On entre dans la lumière éclatante pour plonger dans le noir. de l'amour pour une femme à la folie des hommes.
Frégni sait par petites touches, tel un peintre pointilliste, parler de la nature, du silence, du chant des oiseaux, du pouvoir de l'écriture. Il sait parler de la beauté des femmes (surtout celle de son institutrice). Il évoque par son regard l'amour qu'il éprouve pour ce qui l'entoure. Il sait apprécier ces petits matins tranquilles avec un bol de café, regarder par la fenêtre des petits riens qui sont beaucoup, le bruissement des arbres, la voisine qui promène son chien. Il nous enveloppe d'une douceur languissante. La douceur d'une pierre polie par les vagues qu'on caresse entre ses doigts, même si c'est au prix parfois de la rugosité d'un rocher contre la plante des pieds contre laquelle on s'écorche et on se met à saigner. le silence et la quiétude de la nature mais aussi le silence étouffant d'une cellule de prison des baumettes, parmi les cris des détenus. On a beau parfois vouloir s'isoler, l'amitié, l'amour des autres nous rattrape, avec ses joies et ses malheurs et on pourrait s'en mordre les doigts.
Dans quelques jours, je partirai pour la Provence, me balader près de la montagne Sainte Victoire, parmi les champs de lavande et de coquelicots, attendant le temps du chant des grillons, profitant des marchés nocturnes, de l'accent du Sud et d'un rythme plus lent et régénérant. Je ne sais pas si je croiserai au hasard d'un petit chemin un homme qui ressemblera à
René Frégni. Mais il est certain que je penserai à lui lors de mes balades, respirant, m'inondant de cette nature, de cette beauté simple qui le bouleverse comme moi.

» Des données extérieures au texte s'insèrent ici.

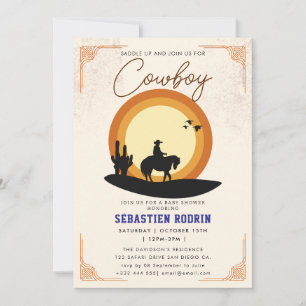 Invitation Petit Cowboy Baby shower moderne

Ce billet est aussi pour vous dont les critiques sur les romans de
René Frégni ont éveillé ma curiosité et m'ont permis d'avoir la chance de découvrir un écrivain qui m'a offert ces émotions comme je les aime. Un écrivain que j'ai envie de découvrir plus encore. Et de faire partager aussi (j'en parlerai sûrement à ma soeur… Elle a de la chance, ma soeur, je ne suis pas trop rancunière). C'est un billet pour vous remercier chaque jour d'élargir mon horizon, d'enrichir mes émotions, de faire entrer un peu de magie, de beauté et de lumière dans mon quotidien. Et ça, ça n'a pas de prix.